ANALYSES

Géopolitique du pétrole : quelles perspectives ?

Interview
18 mai 2018
Le point de vue de Francis Perrin


Est-on à l’aube d’un nouveau choc pétrolier ? Depuis janvier 2018, les cours du pétrole sont dominés par des perspectives haussières, alors que la récente crise diplomatique entre l’Iran et les États-Unis a amplifié les tensions présentes sur ce marché, Washington menaçant Téhéran de nouvelles sanctions économiques. L’Arabie saoudite semble vouloir en tirer profit affirmant sa capacité à augmenter sa production afin d’endiguer la probable diminution des exportations iraniennes. Le point de vue de Francis Perrin, directeur de recherche à l’IRIS, sur la situation.

Quel avait été l’apport de l’Iran sur le marché pétrolier suite à sa réintégration progressive dans l’économie mondiale depuis 2014 ? Dans quelle mesure l’annonce des États-Unis de leur retrait de l’accord sur le nucléaire iranien va-t-elle affecter le marché pétrolier du pays ? Téhéran va-t-il pouvoir limiter les effets des sanctions à venir ?

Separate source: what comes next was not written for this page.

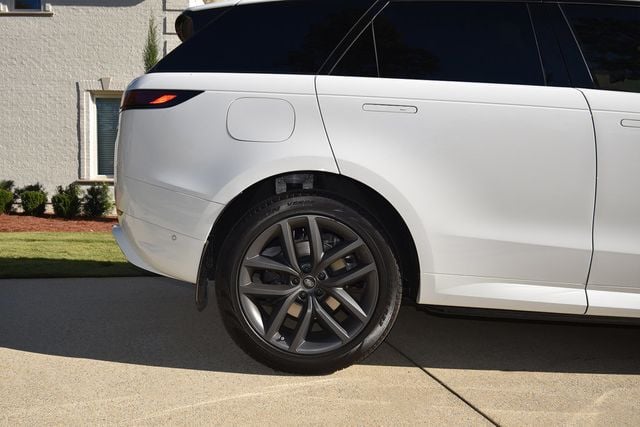 2023 Land Rover Range Rover Sport SE Dynamic photo 32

C’est à partir de janvier 2016, avec la levée des sanctions européennes et des sanctions extraterritoriales américaines, que l’Iran a été en mesure d’accroître de façon significative ses exportations et sa production de pétrole brut. Alors que celle-ci était tombée à 2,7-2,8 millions de barils par jour (Mb/j) en 2015, elle est remontée à 3,8 Mb/j avant de se stabiliser à ce niveau. Pour les exportations, l’accroissement a été encore plus spectaculaire avec un plus que doublement depuis 2015. Au cours des premiers mois de 2018, la moyenne s’établissait à 2,1 Mb/j. L’Iran est actuellement le troisième producteur de brut au sein de l’Organisation des pays exportateurs de pétrole (OPEP), derrière l’Arabie saoudite et l’Irak, et le cinquième ou sixième au plan mondial.

L’annonce par les États-Unis du rétablissement des sanctions va dissuader certaines compagnies pétrolières non américaines d’importer du pétrole iranien et d’investir dans le secteur pétrolier en Iran. Bien sûr, les pays européens et plusieurs pays asiatiques soulignent qu’ils restent engagés par l’accord nucléaire iranien et qu’ils souhaitent protéger leurs entreprises contre la menace de sanctions américaines. L’Union européenne est d’ailleurs en train de se pencher sur ce sujet délicat. Cela dit, en dernière instance, ce sont des entreprises, et non des États, qui achètent du pétrole et du gaz naturel et qui investissent dans le secteur pétrolier et gazier en Iran. Et, parmi les grandes compagnies pétrolières européennes, mais aussi au Japon et en Corée du Sud et parfois dans d’autres pays, elles sont rares à prendre le risque de choisir l’Iran contre les États-Unis.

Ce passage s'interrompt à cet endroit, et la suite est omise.